No Man’s Land
Theatre/Theater
TICKETHOLDERS
The working-class Brits turned poets in the 1950s by Harold Pinter give way to characters lost in a world of affluent privilege in No Man’s Land, the master wordsmith’s fascinatingly ambiguous 1974 play, but oddly, these guys don’t seem a lot happier—or less pissed off at their place in the world—than their earlier counterparts.
This new mounting at the dauntless Theatre/Theater marks the directorial debut of the complex’ own Nicolette Chaffey, who plays a Pinter-esque game with her own marriage by directing her husband, co-artistic director husband Jeff Murray, in the play’s demandingly difficult pivotal role. Obviously there’s a mutual respect here for one another’s unswerving and most dependable talents, because Murray is simply mesmerizing as wealthy booze-sotted Hirst, a successful novelist who uses his grandly appointed Hampstead mansion mainly as a place to drink himself into oblivion on a daily basis rather than live.

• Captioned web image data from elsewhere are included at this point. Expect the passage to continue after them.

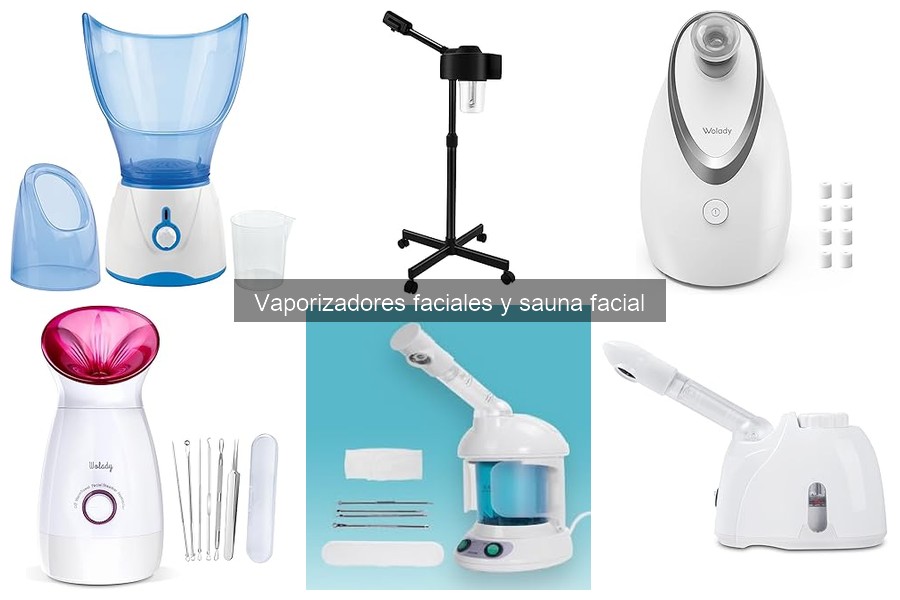 Opiniones de los mejores vaporizadores faciales del mercado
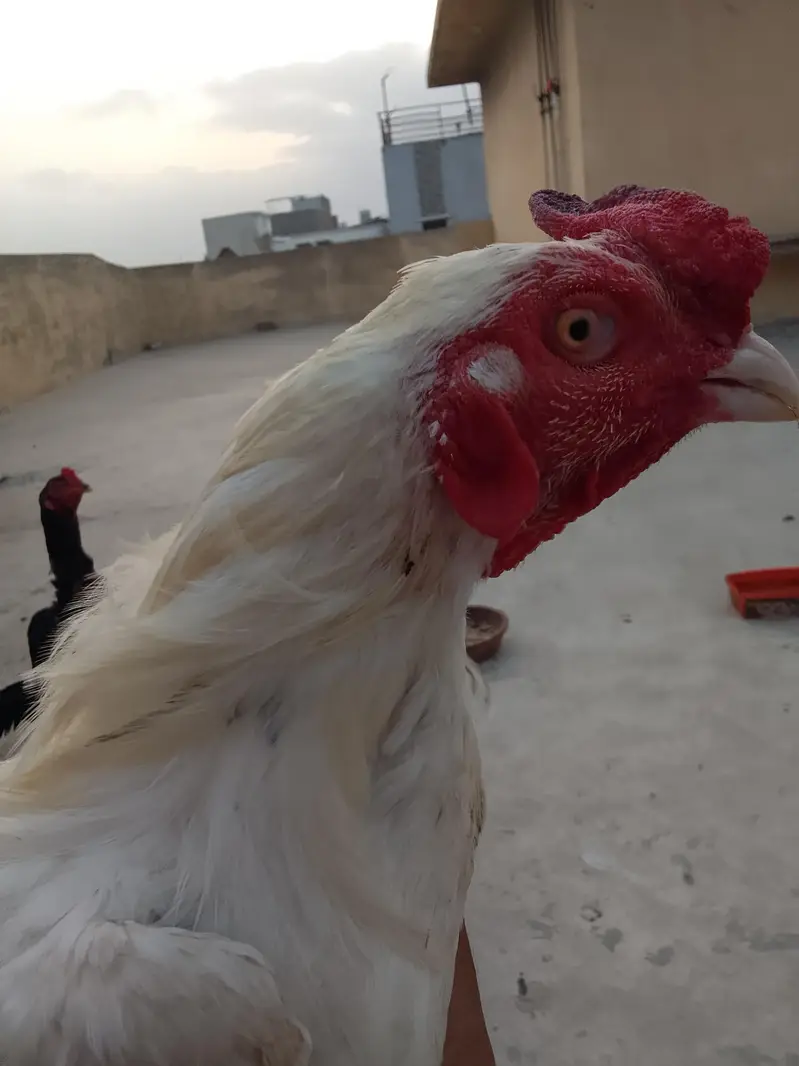 Heera Breeder Heeri pathi & Cheena patha — photo 2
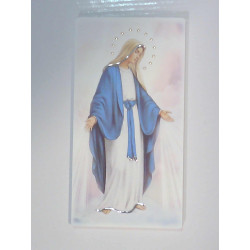 Maľovaný obraz Panny Márie F189579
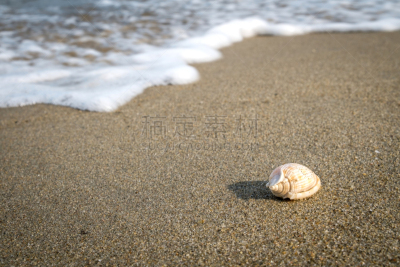 贝壳,沙子,海滩,一个物体,小的,清新,热带气候,泰国,波浪,夏天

Into Hirst’s dysfunctional abyss of an existence comes Spooner (Will Utay), a shabby but somewhat arrogant fellow Hirst presumably met during his usual evening of barhopping and consuming massive quantities of both vodka and scotch. As his guest regales himself with florid stories boasting of his exploits and under-appreciated talents as a poet, Hirst gets steadily drunker, perhaps to tune out the pompous you-know-what up, eventually crawling—literally—to bed as Spooner watches like a hawk about to pounce on his prey.
Chaffey makes an auspicious directorial debut with this remarkably unadorned and straightforward presentation, creating a quiet yet palpable sense of danger lurking just below the properly England manners of its characters.
Utay is a nearly perfect Spooner, although he settles on honoring Pinter’s typically opaque language without giving us a sense of why he’s saying what he does. Andreas Brendle makes a wonderful Briggs, the more disquieting of the pair of Hirst’s menservants who seem to watch over him with a degree of ominous control (although his volume should be increased to offset his German accent or we miss too much), and Brenden Morgan has the almost creepy catlike grace and percolating menace of a street-boy made reluctant hero in a play by Joe Orton.
Still the trio of intriguing supporting performances in No Man’s Land eventually bow to the work of Murray, who gives one of the most compellingly assured, indelibly heartbreaking performances on any LA stage this year, an almost Zen-like turn intensified by the feeling this actor is completely relaxed and at home from the first moments the lights come up, which of course he is, since Murray also built the theatre and the stage he and Chaffey can now definitively claim as their own.